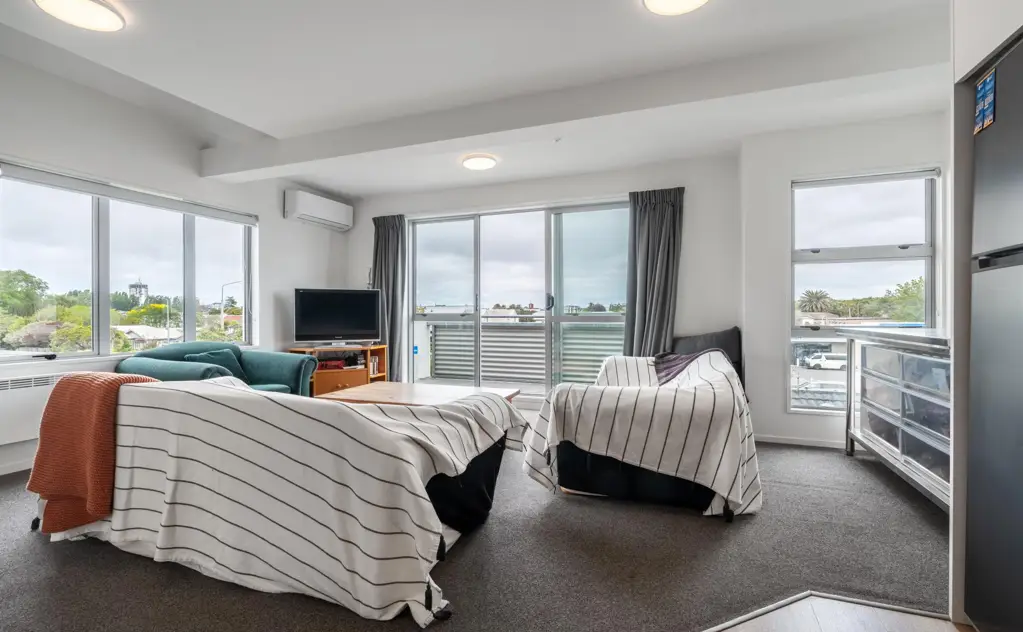 Christchurch Central 4ห้องนอน 4 bed 2 bath!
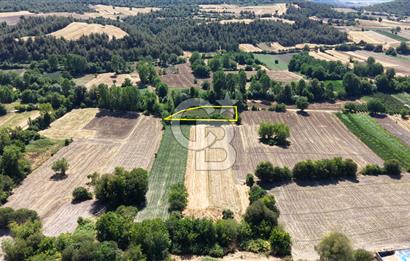 YENİŞEHİR İNCİRLİ'DE KÖY MERKEZİNE 200 M MESAFEDE 2.400 m² ARAZİ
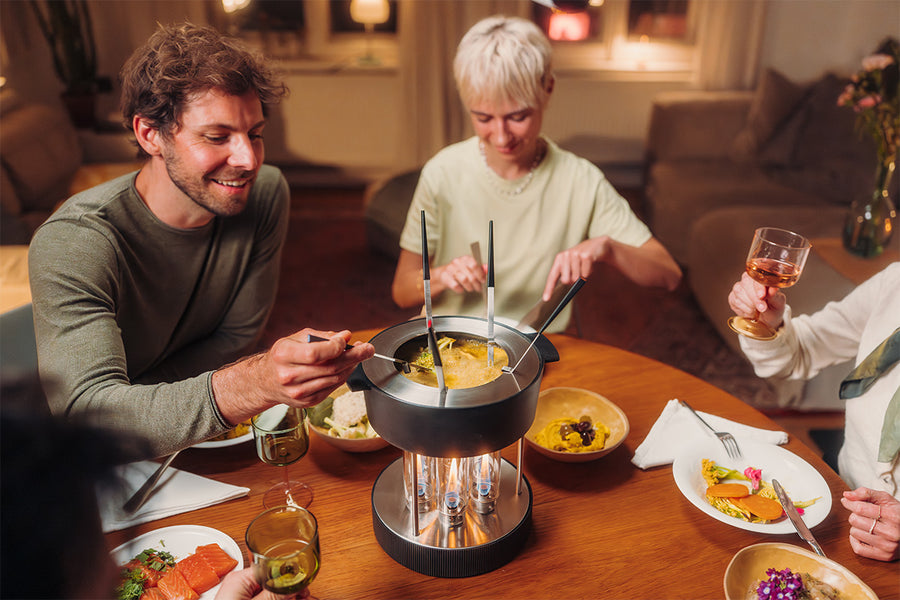 Höfats CIRCLE 35 Fondueset aan tafel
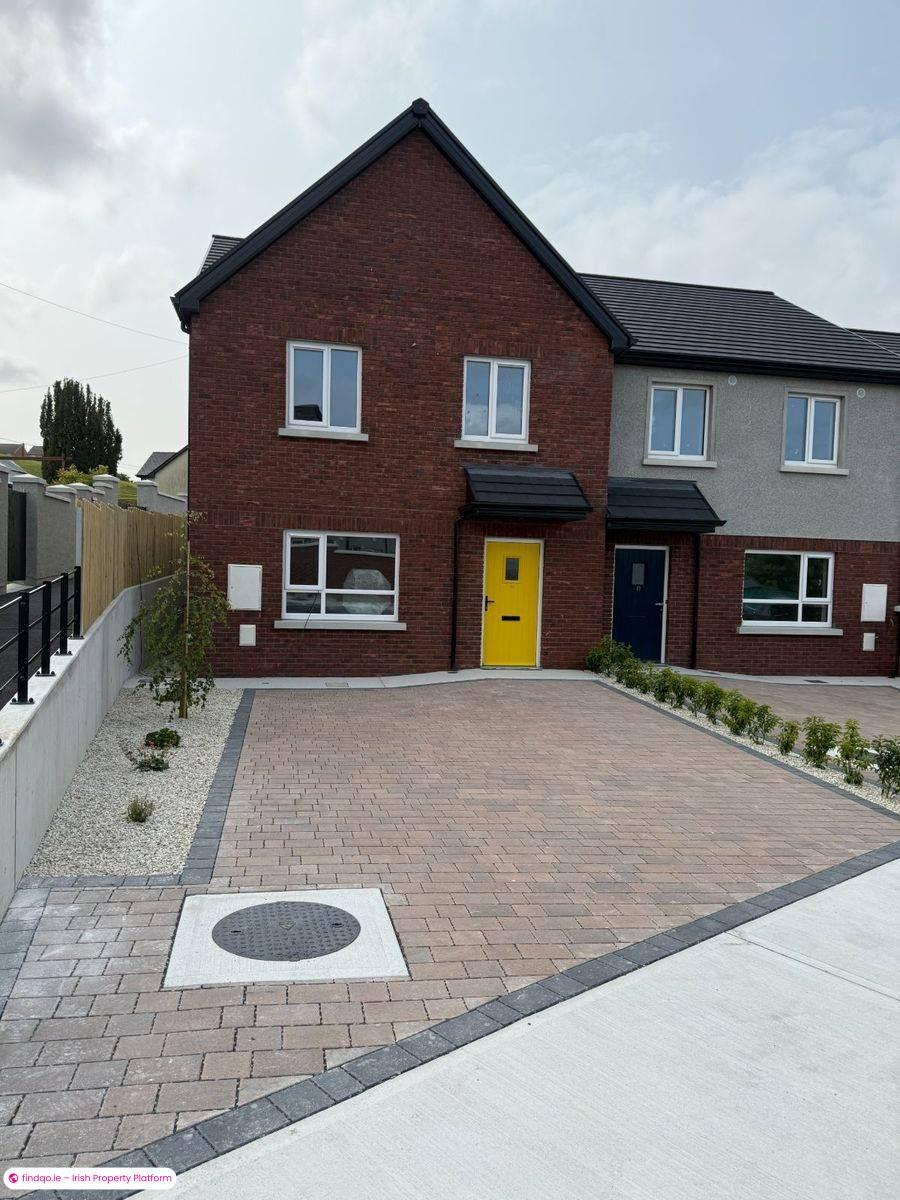 End of terrace house for Sale in Carrickmacross, Monaghan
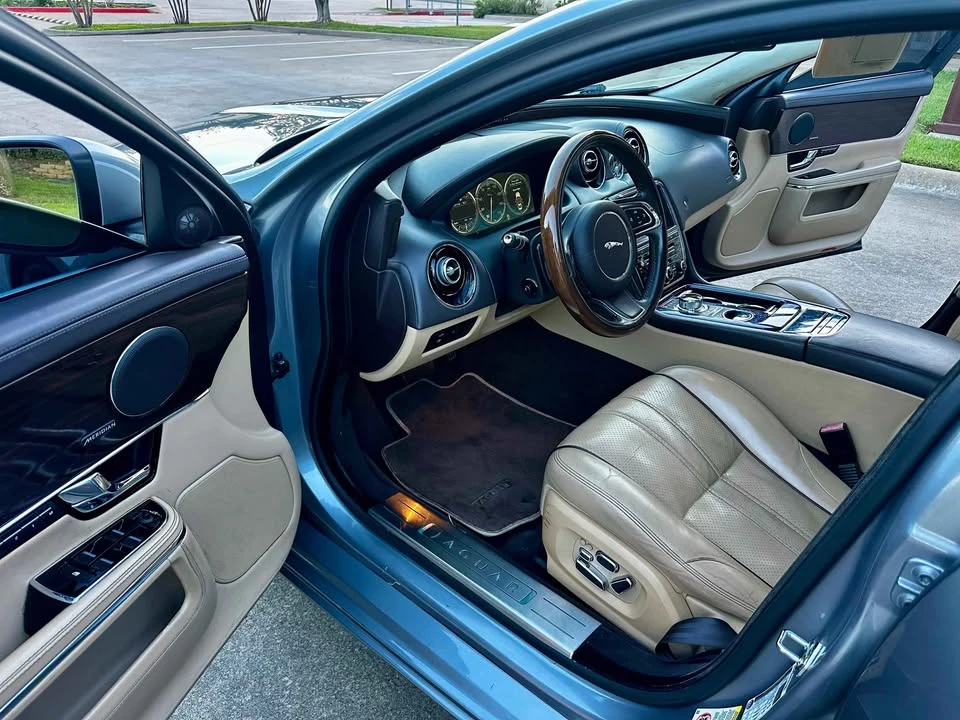 2013 Jaguar XJ Series 4 - Image 10 of 17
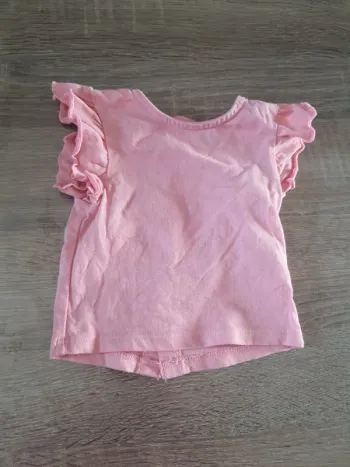 T-shirt rose Kiabi 1 mois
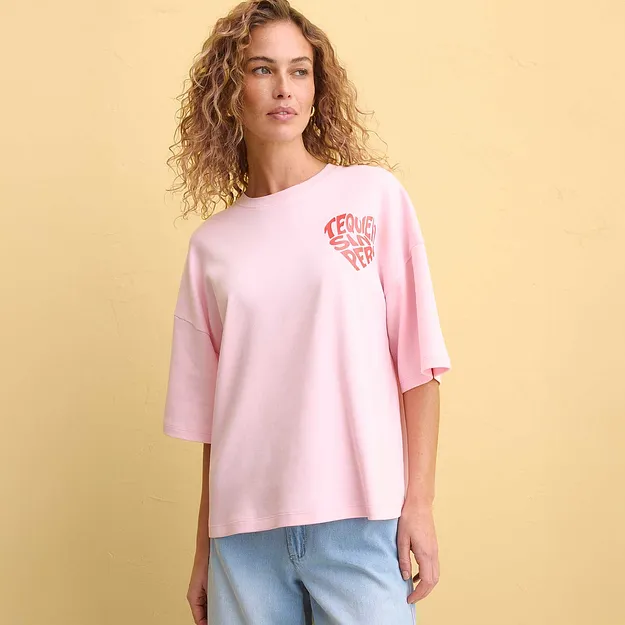 Maglietta rosa casual con maniche larghe. Comodo capo da indossare tutti i giorni per un look rilassato.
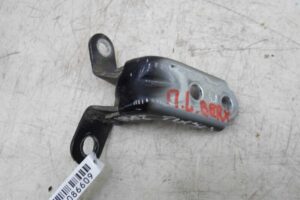 Изображение товара 86609 - 00086609 petlya dveri perednyaya Mercedes CLA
********************
**Exercise goal:** What you give back must be the data above, reproduced exactly and free of pictures.

**Response below:**
 Christchurch Central 4ห้องนอน 4 bed 2 bath!
 YENİŞEHİR İNCİRLİ'DE KÖY MERKEZİNE 200 M MESAFEDE 2.400 m² ARAZİ
 Höfats CIRCLE 35 Fondueset aan tafel
 End of terrace house for Sale in Carrickmacross, Monaghan
 2013 Jaguar XJ Series 4 - Image 10 of 17
 T-shirt rose Kiabi 1 mois
 Maglietta rosa casual con maniche larghe. Comodo capo da indossare tutti i giorni per un look rilassato.
 Изображение товара 86609 - 00086609 petlya dveri perednyaya Mercedes CLA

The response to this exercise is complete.